A team of astronomers, including University of Hawaii at Manoa astronomer Eugene Magnier, used the 10-metre Keck II and Pan-STARRS1 telescopes in Hawaii to find a star that breaks the galactic speed record. It travels at about 1,200 kilometres per second (about 2.7 million mph), a speed that will enable the star to escape from our Milky Way galaxy.
“At that speed, you could travel from Earth to the Moon in 5 minutes,” Magnier commented.
The team showed that unlike the half-dozen other known escaping stars, this compact star was ejected from an extremely tight binary by a thermonuclear supernova explosion. These results were published in the March 6th issue of the journal Science.

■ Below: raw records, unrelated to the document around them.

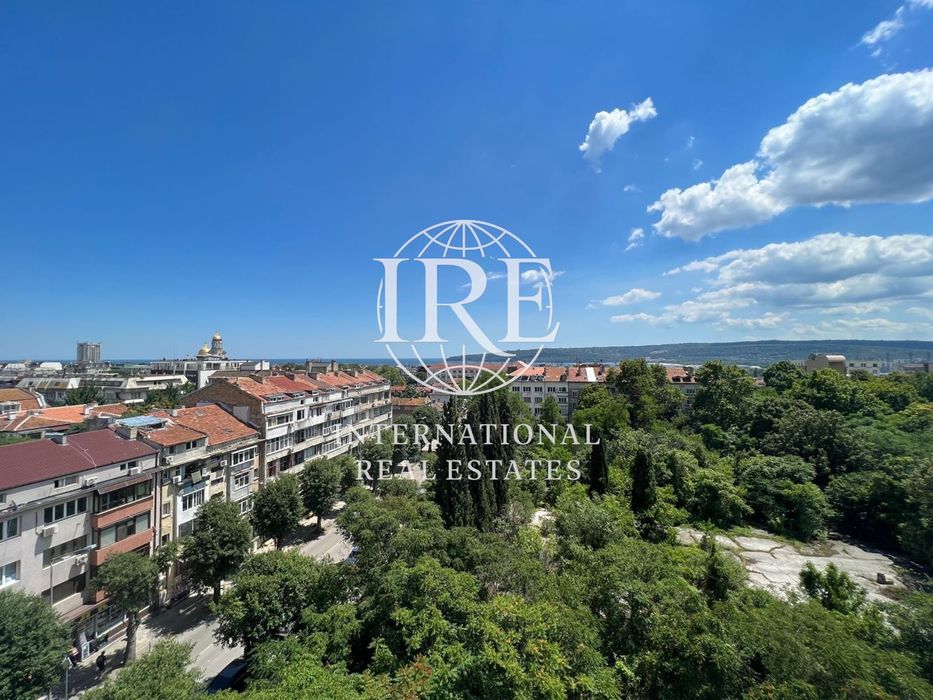 Продава се Двустаен апартамент в Варна, Център - 113 кв.м за 1309 €/кв.м - Снимка #8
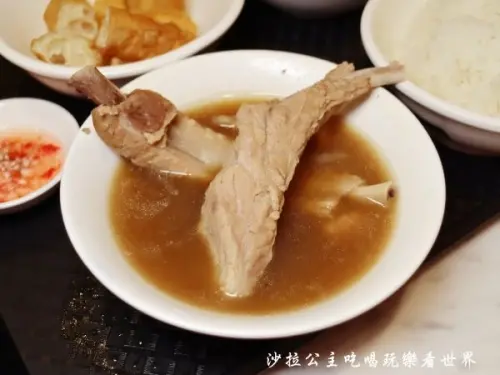 台北信義區美食/新加坡旅遊必吃『黃亞細肉骨茶NG AH SIO Taiwan』插旗台北新光三越A8館/捷運市政府站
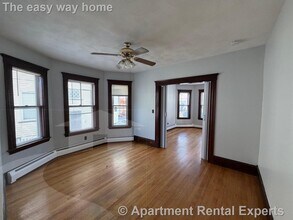 31 Illinois Ave in Somerville, MA - Building Photo - Building Photo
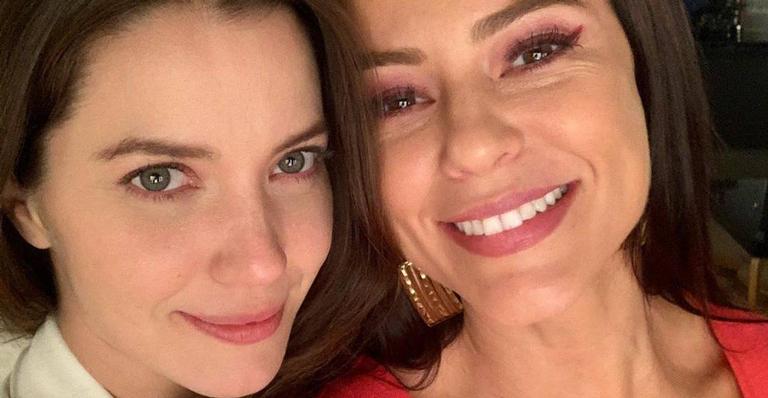 Nathalia Dill posa coladinha de Paolla Oliveira e presta homenagem a ela: ‘Aprendi tanto com você’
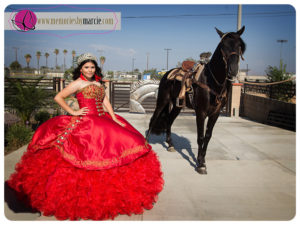 Read more about the article Ontario High School Quinceanera Photo Session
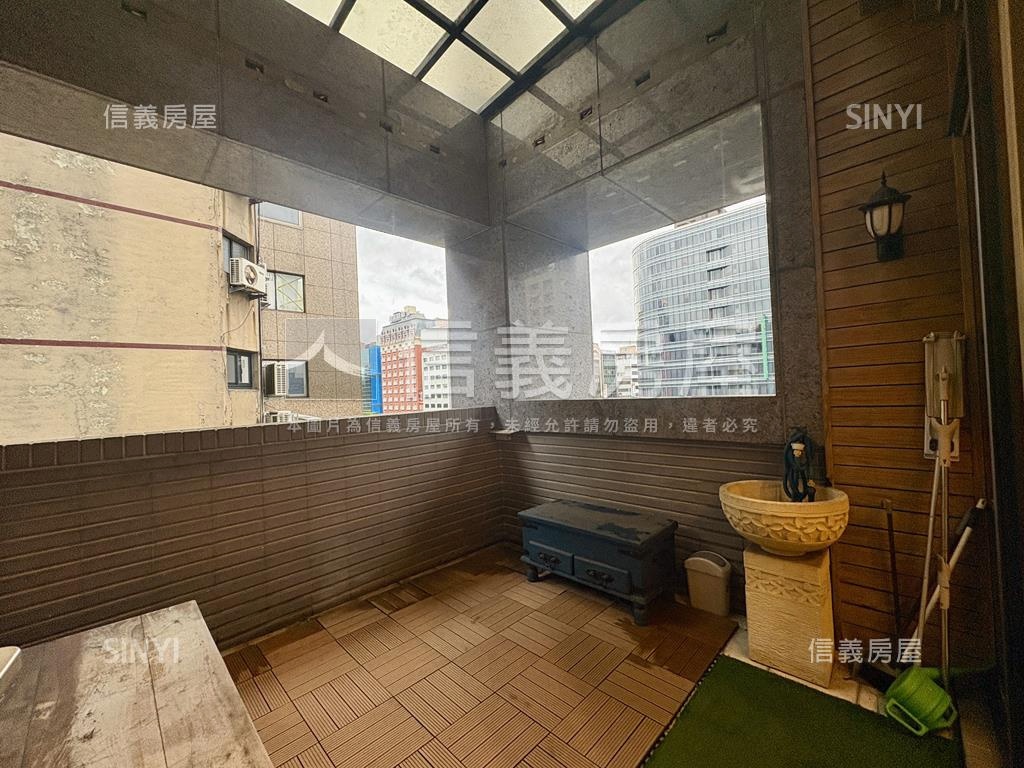 松江南京邊間露臺美宅房屋室內格局與周邊環境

Stars like the Sun are bound to our Galaxy by its gravity and orbit its centre at relatively moderate velocities, tens to a few hundreds of kilometres per second. Only a few so-called hypervelocity stars are known that travel so fast that they are unbound. A close encounter with the supermassive black hole at the centre of the Milky Way is usually considered the most plausible mechanism for enabling these stars to escape from the Galaxy.
Stephan Geier (European Southern Observatory, Garching, Germany) led the team that observed the known high-velocity star, US 708, with the Echellette Spectrograph and Imager on the Keck II telescope to measure its distance and radial velocity component, that is, how fast it is moving away from us. By carefully combining position measurements from digital archives with newer positions measured from images taken during the Pan-STARRS1 survey, they were also able to derive the tangential component of the star’s velocity, or how fast it is moving perpendicular to us.
“By observing the sky repeatedly over several years, the Pan-STARRS1 survey, let us make a movie of the motions of the stars in the sky. That enables us to study the behaviors of extremely rare and weird stars like US 708,” Magnier explained.
By putting all the measurements together, they determined the total velocity of the star is 1,200 kilometres per second, much higher than the velocities of the other known stars in our Galaxy. More importantly, the trajectory of US 708 allows them to rule out the galactic centre, and therefore, its supermassive black hole, as the possible cause of US 708’s extreme velocity.
US 708 has additional peculiar properties that are in marked contrast to other hypervelocity stars: it is a rapidly rotating, compact helium star that probably formed as a result of interaction with a close companion. Helium stars are the remnant of a formerly massive star that has lost its hydrogen envelope.
Animation of the mass-transfer phase to a white dwarf followed by a double-detonation supernova that leads to the ejection of US 708 from the Galaxy. Image credit: NASA, ESA and P. Ruiz-Lapuente, cut and coloured by S. Geier
Thus, US 708 could have originally been part of an ultracompact binary system in which it transferred helium to a massive white dwarf companion, ultimately triggering a thermonuclear explosion known as a type Ia supernova. As a result of this explosion, the surviving companion, US 708, was violently ejected from the disrupted binary, and is now travelling at an extremely high velocity.
These results provide observational evidence that there is a link between helium stars and thermonuclear supernovae, and are a step toward understanding the progenitor systems of these mysterious explosions.